Запах греха был стоек и обволакивал, как сено или облако.
- Ой, Любови не показывай! - всплеснула руками тетка. - Ну, синющие...
И Пашка Челышев стылым ноябрьским утром нес под курткой эти синяки, словно молодой вояка первые шрамы.
Вечером мамаша ничего не сказала, и Пашка, наскоро пожевав, сел дорисовывать колоду. Вскоре его сморило, но среди ночи будто ударило молнией; он вскочил, не зажигая лампы, оделся, оставил записку с каким-то враньем и помчался через ночной страшноватый город.
- Ой, Пашечка, сладкий мой! Приохотила я тебя... - шептала женщина, а Пашка радовался, злился, страдал, мучился, чувствуя: падает, пропадает, проваливается, как под лед.
- Переезжай к ней, - говорит Любовь Симоновна в конце второй недели. Пашка склонился над чертежом. Руки у него трясутся и плечи трясутся, а колени (он вдавил их в табурет и чертит почти лежа) ноют. Простыл, должно быть.
- Переезжай, - повторяет мамаша. - А то от беготни чахотку наживешь. Еда сейчас какая?..

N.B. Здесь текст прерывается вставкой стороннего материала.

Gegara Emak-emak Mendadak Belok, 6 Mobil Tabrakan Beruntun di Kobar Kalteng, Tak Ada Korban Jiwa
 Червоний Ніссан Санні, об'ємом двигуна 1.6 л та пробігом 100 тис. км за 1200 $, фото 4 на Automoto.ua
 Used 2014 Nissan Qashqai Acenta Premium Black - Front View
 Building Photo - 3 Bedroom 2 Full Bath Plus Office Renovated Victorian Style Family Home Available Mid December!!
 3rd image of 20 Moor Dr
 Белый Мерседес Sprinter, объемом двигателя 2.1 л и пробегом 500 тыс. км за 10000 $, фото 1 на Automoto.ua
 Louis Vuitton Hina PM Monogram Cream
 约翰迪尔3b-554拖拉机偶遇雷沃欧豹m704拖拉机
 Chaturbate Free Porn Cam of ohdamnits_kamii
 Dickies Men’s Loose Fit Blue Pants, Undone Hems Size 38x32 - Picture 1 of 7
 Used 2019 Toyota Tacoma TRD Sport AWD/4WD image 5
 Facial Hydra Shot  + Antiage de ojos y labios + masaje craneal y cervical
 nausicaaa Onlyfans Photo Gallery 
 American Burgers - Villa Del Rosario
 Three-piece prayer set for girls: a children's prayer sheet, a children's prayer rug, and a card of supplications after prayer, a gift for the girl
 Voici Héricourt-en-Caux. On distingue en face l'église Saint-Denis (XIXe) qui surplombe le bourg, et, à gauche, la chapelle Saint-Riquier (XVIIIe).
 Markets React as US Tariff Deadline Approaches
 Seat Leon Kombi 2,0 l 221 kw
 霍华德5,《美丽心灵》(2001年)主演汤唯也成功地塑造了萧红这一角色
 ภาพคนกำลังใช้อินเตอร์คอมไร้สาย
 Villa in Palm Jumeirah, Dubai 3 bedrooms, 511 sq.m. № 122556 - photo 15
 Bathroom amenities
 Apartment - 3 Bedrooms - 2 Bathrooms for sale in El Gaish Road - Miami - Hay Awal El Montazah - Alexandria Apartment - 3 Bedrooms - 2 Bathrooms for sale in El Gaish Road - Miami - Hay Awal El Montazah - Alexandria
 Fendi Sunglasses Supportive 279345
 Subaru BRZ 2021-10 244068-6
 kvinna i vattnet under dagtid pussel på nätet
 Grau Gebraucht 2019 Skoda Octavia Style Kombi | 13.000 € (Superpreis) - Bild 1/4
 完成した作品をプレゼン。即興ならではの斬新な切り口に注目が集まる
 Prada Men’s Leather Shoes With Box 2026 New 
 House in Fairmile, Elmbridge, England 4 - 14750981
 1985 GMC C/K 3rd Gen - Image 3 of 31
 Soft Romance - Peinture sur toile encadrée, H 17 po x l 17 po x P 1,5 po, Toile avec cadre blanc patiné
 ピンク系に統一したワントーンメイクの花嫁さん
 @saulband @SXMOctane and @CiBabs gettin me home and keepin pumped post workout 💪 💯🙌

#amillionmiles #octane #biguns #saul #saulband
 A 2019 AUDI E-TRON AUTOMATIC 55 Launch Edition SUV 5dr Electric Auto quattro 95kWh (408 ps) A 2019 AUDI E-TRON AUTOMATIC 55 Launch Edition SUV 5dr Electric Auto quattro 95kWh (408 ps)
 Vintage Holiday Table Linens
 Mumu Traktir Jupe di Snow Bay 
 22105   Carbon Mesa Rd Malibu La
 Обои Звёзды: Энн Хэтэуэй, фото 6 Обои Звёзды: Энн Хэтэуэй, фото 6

Пашка валится на койку. Его укачивает, будто глотнул самогону. Керосиновая лампа мечется по комнате, словно огромная бабочка, и когда Пашка, напрягшись, хочет задержать ее взглядом, затылок раздирает болью, а глаза так набухают, точно из них вот-вот брызнет гной.
- Мам... - шепчет он и теряет сознание.
Ночью, очнувшись, замечает, что отцовские часы вывалились из брючного кармана и показывают четверть третьего. Значит, еще затемно доберется до Леокадии. Но, наклонясь за сапогами, Пашка опрокидывает чертежную доску и приходит в себя лишь на девятые сутки, в декабре.